My specialty is foreign language education via songs, TV, movies and other media. When I’ve taught English as a Second Language and Spanish and used songs with my students, not only did my students stay awake, but they were more enthusiastic and they remembered grammar, vocabulary and pronunciation better than when they just learned the materials in their text book.
Sesame Street is a prime example of how putting educational content to a melody is effective. We associate the show with children’s songs for about spelling, counting, colors and other topics but even adult language learners use Sesame Street to learn English and use the foreign language versions of the show to learn their target languages.
Middle school and high school students nationwide learned lessons in grammar, science, economics, history, mathematics, and civics via the educational songs in the popular television show, School House Rock. Unfortunately, the show doesn’t exist anymore.
I bet that many adults nationwide can still intone “I’m just a bill, yes, I’m only a bill. And I’m sitting here on Capitol Hill” and the rest of the lyrics to How a Bill Becomes a Law better than they can remember much else that they learned in their US Government class. Do you remember this song?

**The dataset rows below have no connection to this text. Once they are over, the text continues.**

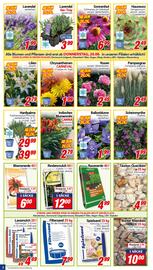 CENTERSHOP Prospekt woche 26 Seite 2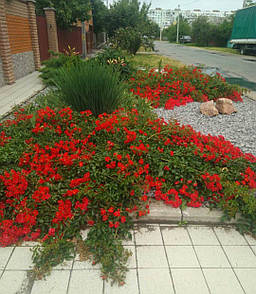 Ред Фейрі (Red Fairy)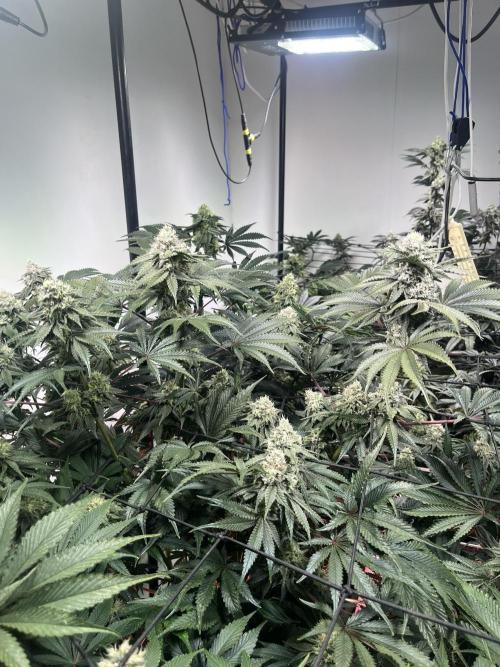 First run with the new Telos Dynamics. Week 9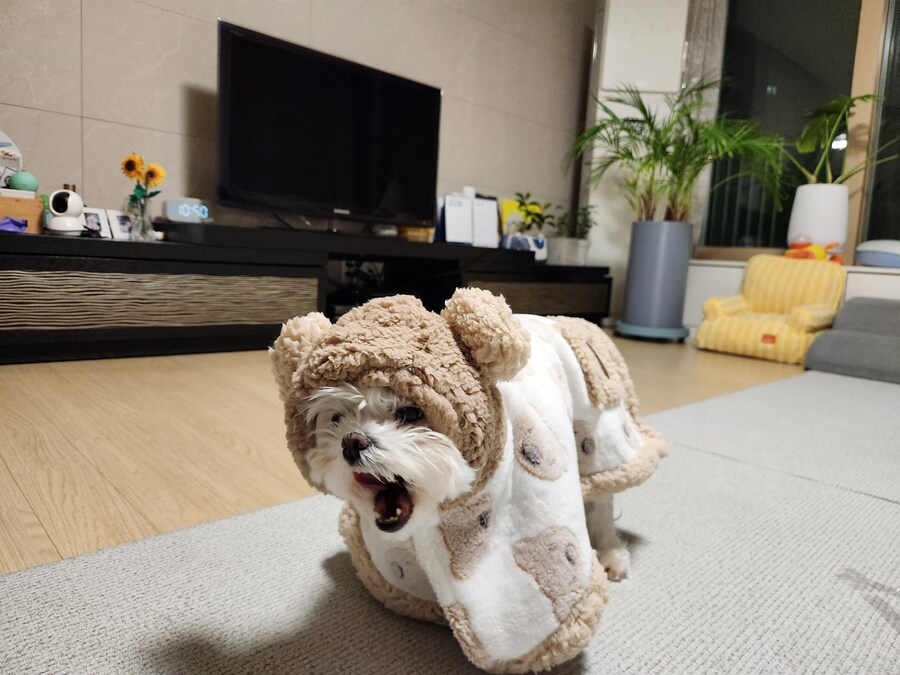강아지한테 새 옷을 입혀봤는데_3.jpg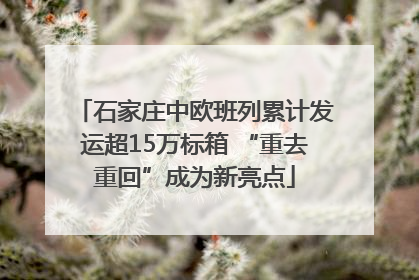 石家庄中欧班列累计发运超15万标箱 “重去重回”成为新亮点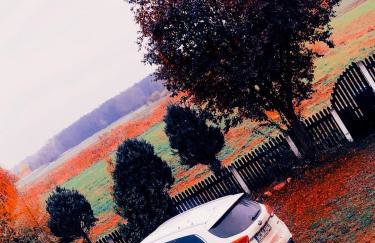 Leśna Willa - Foto 4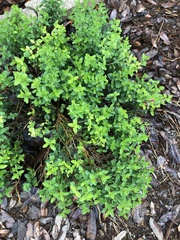 Scutellaria suffrutescens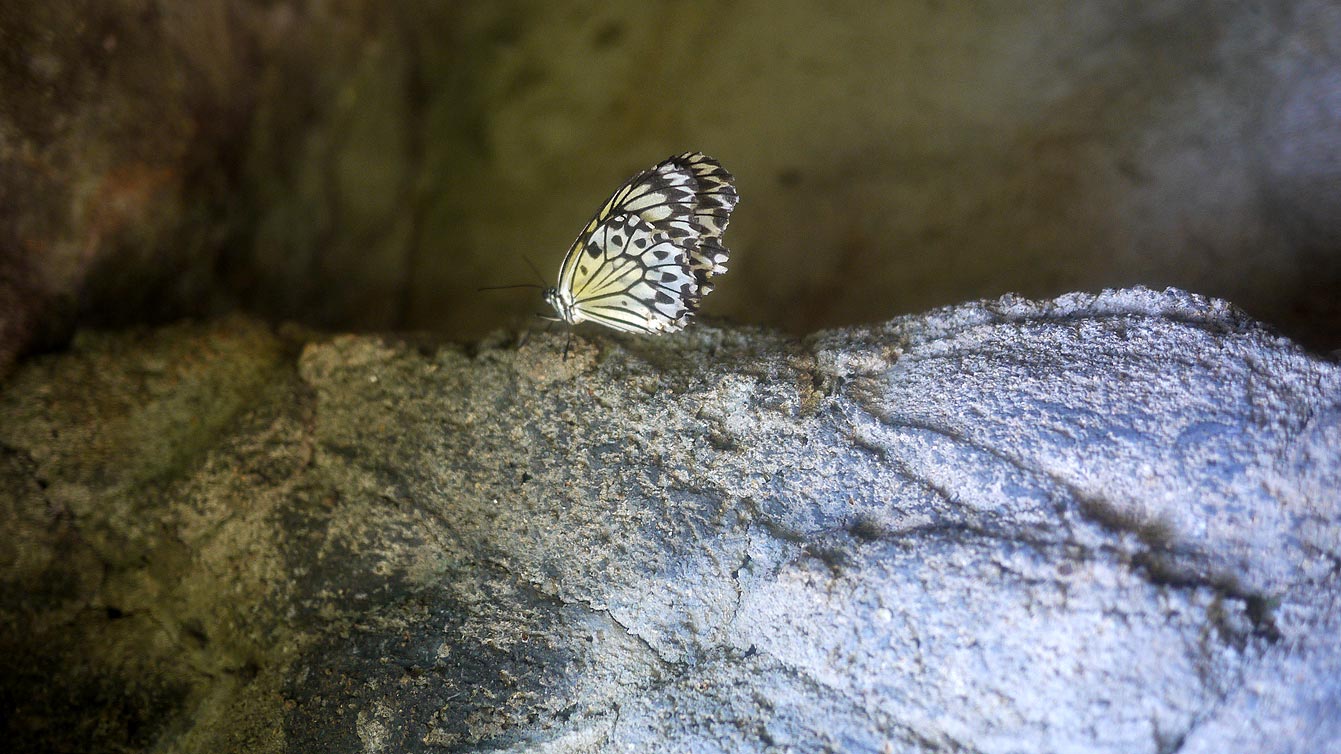 palawan-butterfly-ecological-garden07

Music is not just child’s play.
Adult use songs too.
National Public Radio reported in its story, Singing in the Key of Science , that Haverford University Physics Professor Walter Smith sings Einstein’s theory of relativity on his baritone ukulele. This Harvard trained physicist makes original compositions and he changes the lyrics of tunes from known songs like “Comedy Tonight” from A Funny Thing Happened on the Way to the Forum to explain energy eigenstates and other physics terms and concepts.

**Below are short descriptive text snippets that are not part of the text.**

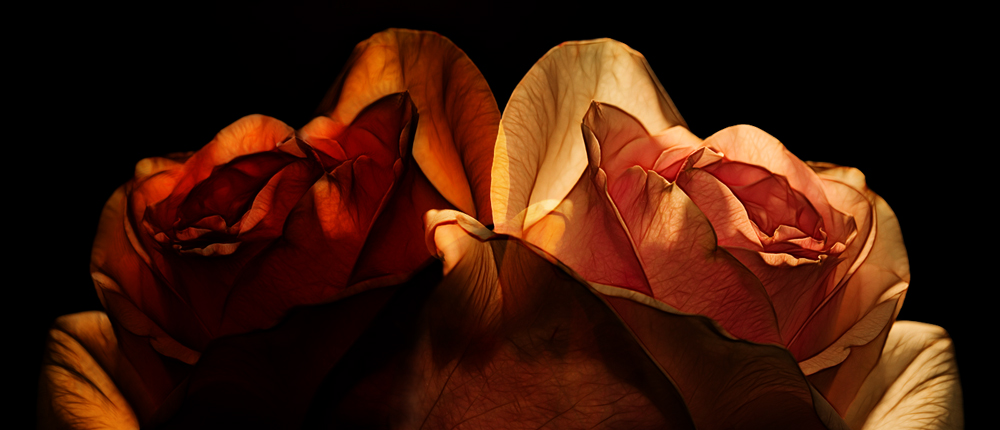 photo "Two parties of one rose" tags: abstract, montage, 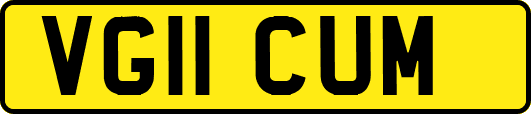 VG11CUM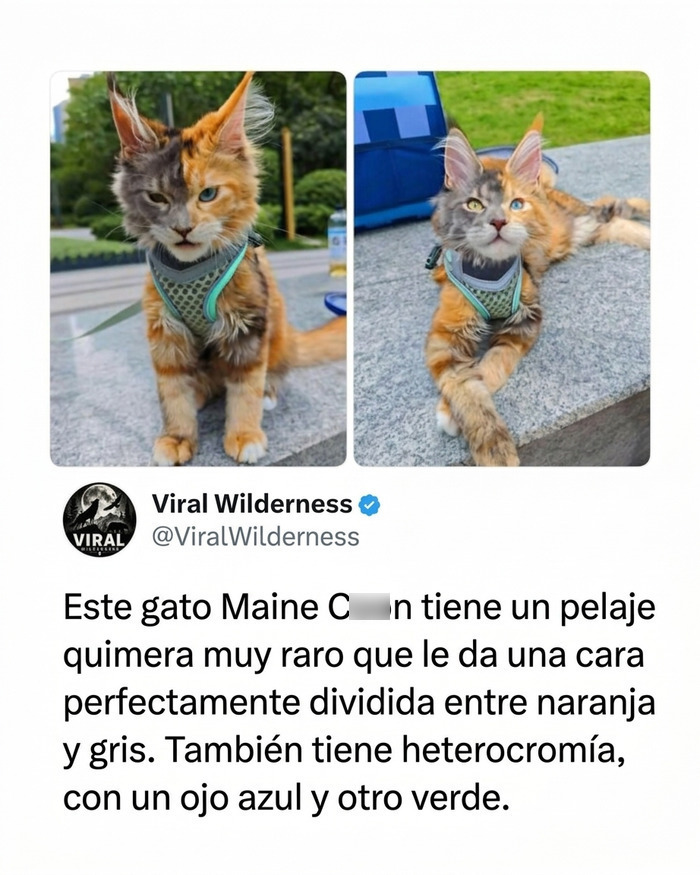 Gato Maine C**n con rostro bicolor gris y naranja, mostrando lo increíble de la naturaleza.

We need more teachers and professors like Smith. I know I would have enjoyed physics much more had I learned some of the concepts to a tune. More importantly, I would remember much more about physics now as an adult. The point of education is not just for us to memorize and regurgitate information for a test. It’s for us to use the materials in our lives.

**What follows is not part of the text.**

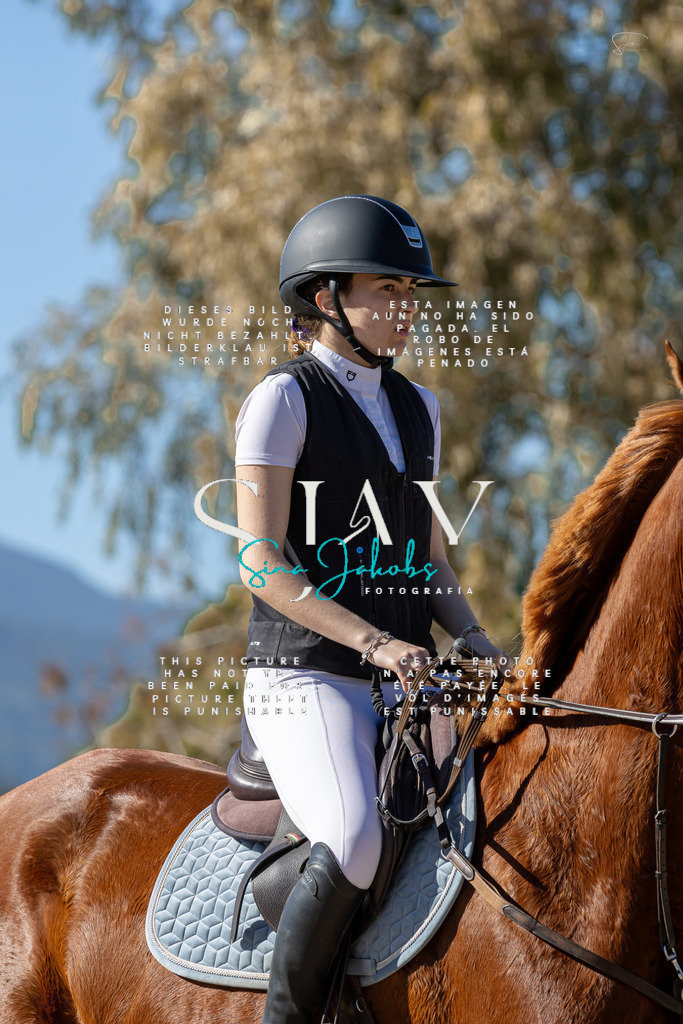 IMG_1028 | s-jay-photography - Realisiert mit Pictrs.com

Even as an adult, songs can play a role in our ability to remember even basic information. Russian is my first language. I came to the US at the age of 3. I learned to read and write in Russian before I went to Kindergarten in California. However, there was no ABC song in Russian when I was a kid. Even though I am literate in Russian, I don’t remember the order of the Cyrillic alphabet. When I have to find a word in a Russian dictionary, I have to consult the alphabet on the first page of the dictionary and look up each letter of the word I am looking for to be able to locate the word in the dictionary. This is a tedious process I never have to do in English. Even adults in the US, no matter how tired they may be, can find something alphabetically by singing the ABC song and remembering the order of the alphabet.
We don’t have to rely on a TV show or a rock star to get us to learn with music. Students, teachers and parents can make their own songs. Take a popular song, change the lyrics to be about molecules and atoms, and the next thing you know, chemistry test grades go up!
You don’t have to be Lady Gaga or Frank Sinatra to make your own songs. Even those who think they can’t sing, can still benefit from learning a song. Music will still permeate their brains whether they have perfect pitch or not.
Although songs are not the panacea for our declining educational system, music is a free tool anyone can use.
Improving student performance is not just about how to spend our tax dollars, it’s about being nimble and doing what already works. It’s the music, stupid!
* In case you’re wondering, the word “stupid” in the title is not meant to offend anyone. It comes from the 1992 US Presidential Race when the phrase “It’s the economy, stupid” was coined to bring attention back to the economic problems of the country.